El manido recurso del realismo frente a la alternativa pomposa y acrítica de la felicidad reglada. O la melancolía zombi o el imperativo de gozar por gozar. Me veo a mí mismo, como la mayoría, escogiendo equipo sin gana, ni convencimiento. Se cae en uno de los dos bandos casi por inercia, dependiendo del día. Por circunstancias. La noticia que te llevas a la boca con el desayuno. Cobrar a principio, a mitad o a final de mes. No cobrar. Que te duela algo, que ese justo día no te duela. Estar solo, acompañado o mal acompañado. Todas son variables que le dan algo más de entidad y explicación a esos estados de ánimo que, en fin, las dos palabrejas: optimista o pesimista. No le expliqué todo esto a mi amigo, pero le pedí perdón, todo sea dicho.
Hablamos de futuro, en realidad. Todo el rato. Esa otra palabreja. A mi siempre me paraliza. Mi generación es la generación que tiene incertidumbre por el futuro. Lo dicen todos los reportajes, todas las columnas. Miedo. Ansiedad. Ausencia de proyecto de vida. Incapacidad de emanciparnos. De tener una vivienda, de encontrar empleos estables. De tener la decisión de formar familias o no, de sentirte, en fin, algo más que un eterno avatar de ti mismo. Un estudio del Consejo de la Juventud dice, además, que el 60% de los jóvenes entre 15 y 29 años ha tenido pensamientos suicidas. En esas estamos realmente. El debate entre pesimistas y optimistas, a todas luces, no sé, se queda corto. Y el futuro, con los datos, sensaciones y realidades materiales sobre la mesa, es, como mínimo, difícil de llevar.
Me parto la cabeza pensando, sin embargo, y por no ser cenizo después del aviso de mi colega, en la necesidad de poner pies en tierra. Ahí está la lucha. En cómo explicar que la vida que vivimos merece ser vivida. Que merece ser defendida. Y creo que la clave está en los momentos de brecha. Me explico: hablo de una vida pequeña, molecular casi, que te enciende la chispa de una felicidad que yo siento como innata. Que no viene por la portada del periódico o un estado de ánimo concreto. Que resulta bellamente incontrolable. Cómo explicar, sin ánimo de ser un cursi de campeonato, a mi amigo y a otros tantos que me pasa precisamente en sus voces y en su presencia.

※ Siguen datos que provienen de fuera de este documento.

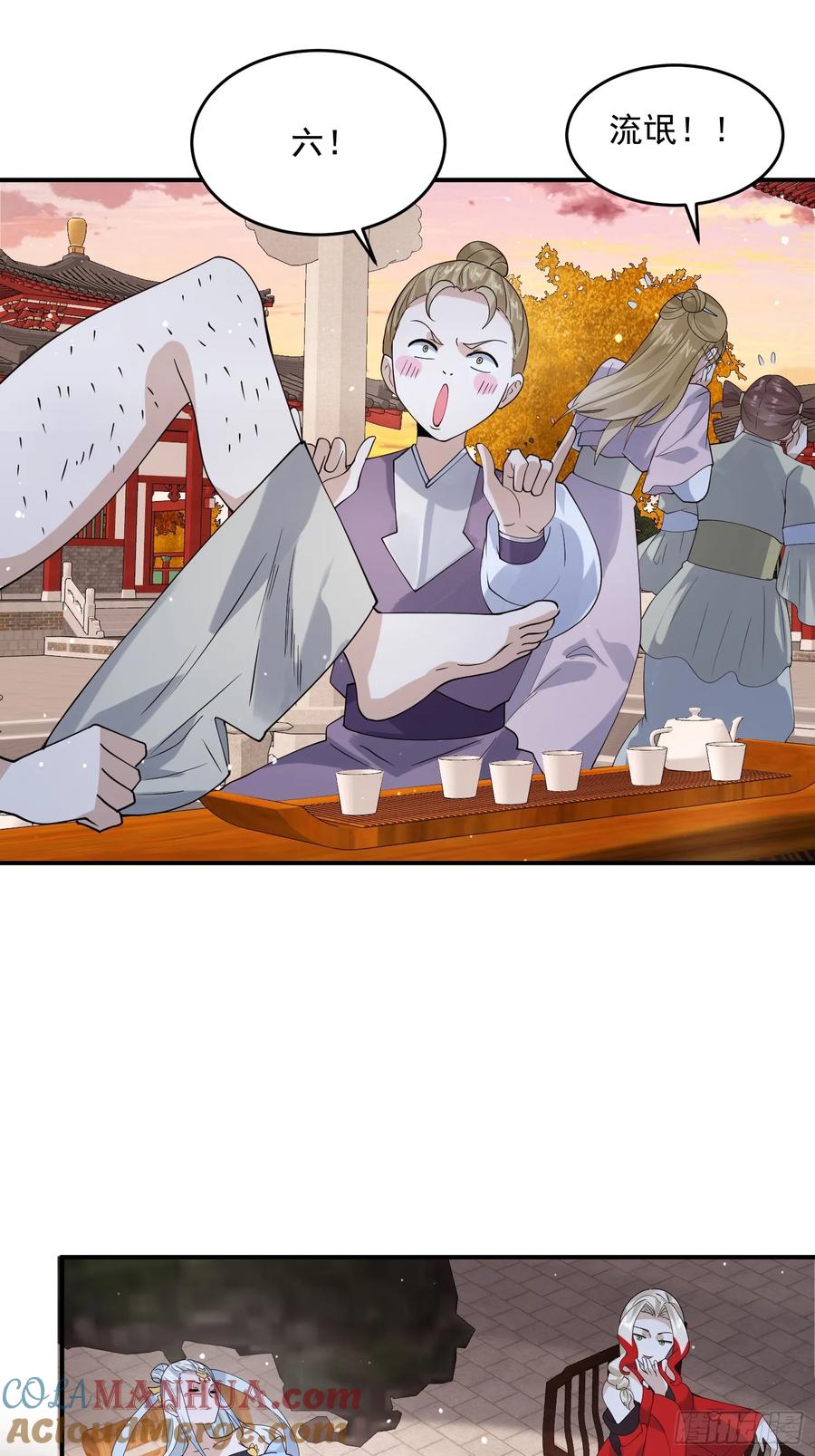 女徒弟个个想杀我 第88话 肥家家碎觉觉~ 第25页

También en los ojos de Ana. En la ensaladilla de mi madre. En el olor después de la lluvia en el barrio en el que vivo. En esa vida pequeña, en fin, que, sin querer, construyo. Construir. Ahí estaría el punto. Aprovechar esos momentos de despiste donde el mundo agrio de cuatro colgados multimillonarios jugando al Risk con la vida de todos parezca un chiste al que, acompañados, quizás no tendríamos tanto miedo. Sabríamos responder. No paralizarnos. Inventar nuevas lenguas, nuevos relatos, que, frente a la cutrez e imposición de tantos para imaginar solo mundos en llamas, se oponga y los abata.
Emmy Hennings dejó escrito en Cárcel, uno de esos libros que te duele y te acaricia en cada párrafo: "¿Futuro? ¿No suena demasiado...ambicioso?". A veces pienso que habría que abolirlo hasta que hable esa lengua nuestra. Como un dialecto hermoso contra toda forma de terror, contra toda forma de dar, avariciosamente, la turra.